Interrogé par Factuel, le commissaire Moreau, numéro deux du commissariat, confirme : « Cette volonté d’interruption est directement associée aux restrictions sanitaires. On ne peut pas fermer les bars et restaurants pour cette raison, et laisser se dérouler cet attroupement. Si une annonce a bien été faite, nous n’avons en aucun cas acquiescé. Et pour cause, les conditions ne le permettent pas ». Reste une sensation de gâchis, comme l’explique un protagoniste : « Pourquoi ce spectacle, et nous mettre en scène comme si nous étions dans un zoo. S'il y avait une irrégularité, il suffisait de venir nous voir tranquillement et nous aurions obtempéré. Nulle nécessité d’ajouter l’humiliation ».

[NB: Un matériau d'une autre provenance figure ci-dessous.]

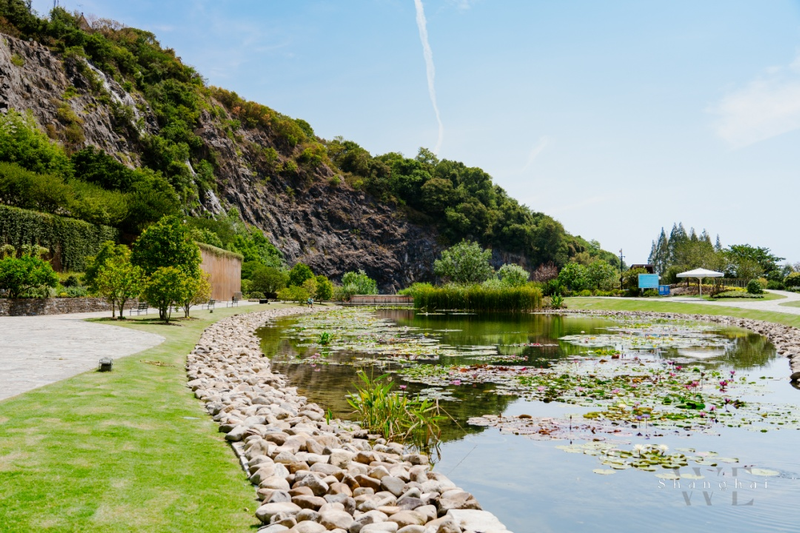 A map of the method of planting the sleeping lotus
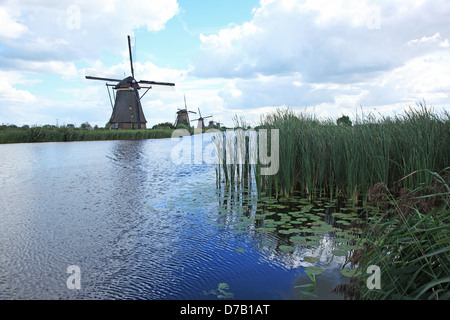 I Paesi Bassi, i mulini a vento di Kinderdijk, patrimonio mondiale dell UNESCO Foto Stock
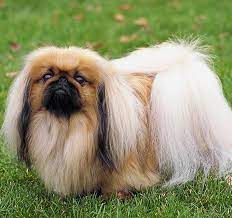 ich mochte essen nofilter amazing girls hair followforfollow pekingese dogs pekingese puppies dog breed info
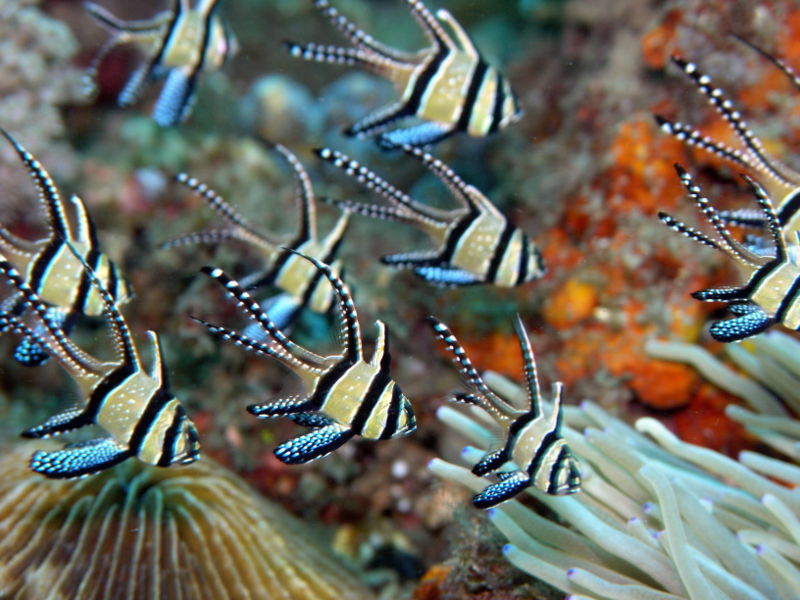 Ikan hias yang cuma ada di Indonesia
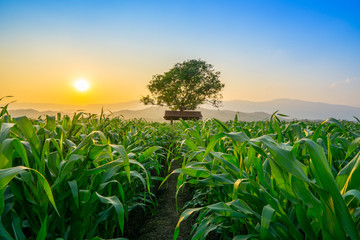 Landscape of young green corn field at Thailand agricultural garden and light shines sunset in the evening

« Faudra pas s’étonner si ça pète »

Plusieurs scooters seront par ailleurs immobilisés et soigneusement examinés, prolongeant la tension jusqu’à 17 heures. Entre temps, les réjouissances ont tourné court. Le mobilier est rangé et les victuailles remballées. Les mines sont hagardes. Pour beaucoup, il s’agit d’une provocation. Un jeune homme résume : « Est-ce qu’il y a autant de remous lors des soirées au jardin de la Gare-d’eau ? Il y a pourtant du monde, et pas qu’un peu. Mais ce n’est pas la même population. Nous, dans les cités, on nous marche sur la gueule sans ménagement. Là on ne faisait rien de mal. Et s'il y avait à redire, ils pouvaient très bien nous aborder autrement ».

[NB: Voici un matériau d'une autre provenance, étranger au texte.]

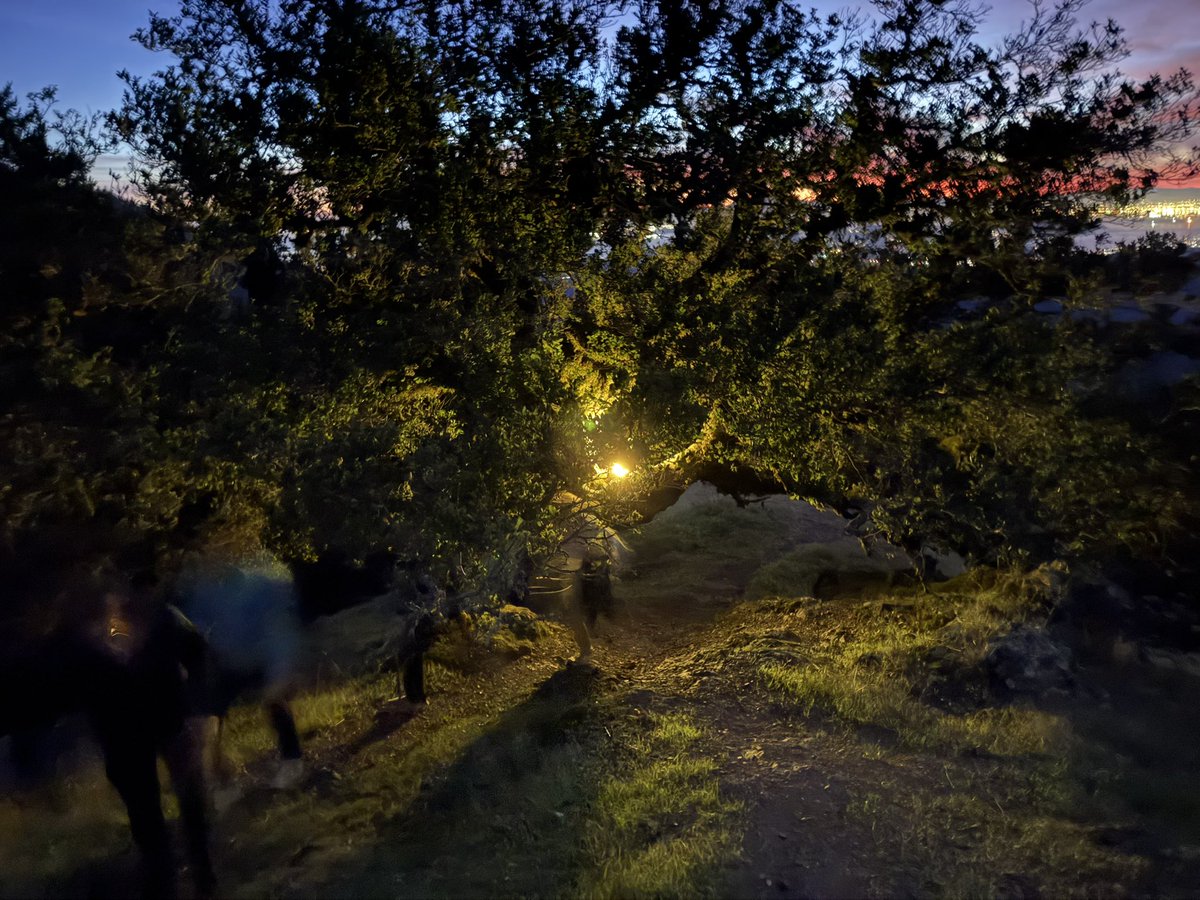 Richard Burton tweet media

Ce constat amer est aussi celui de ce placide ancien éducateur : « On nous parle de civisme à longueur de journée comme quoi Planoise c’est la zone, mais on nous place d’office en marge de cette société. Je peux vous citer bien d’autres parcs, des centres commerciaux, et des rues animées, dans cette ville, où les précautions ne sont là aussi pas honorées. Je concède donc que tout n’était pas parfait, mais à chaque fois qu’on bouge une oreille de travers, le traitement est massif et sans appel. Cela ne fait que jeter de l’huile sur le feu, alors que les antagonismes sont déjà flagrants. Ils vont trop loin. En persistant sur cette lancée, faudra pas s’étonner si ça pète ».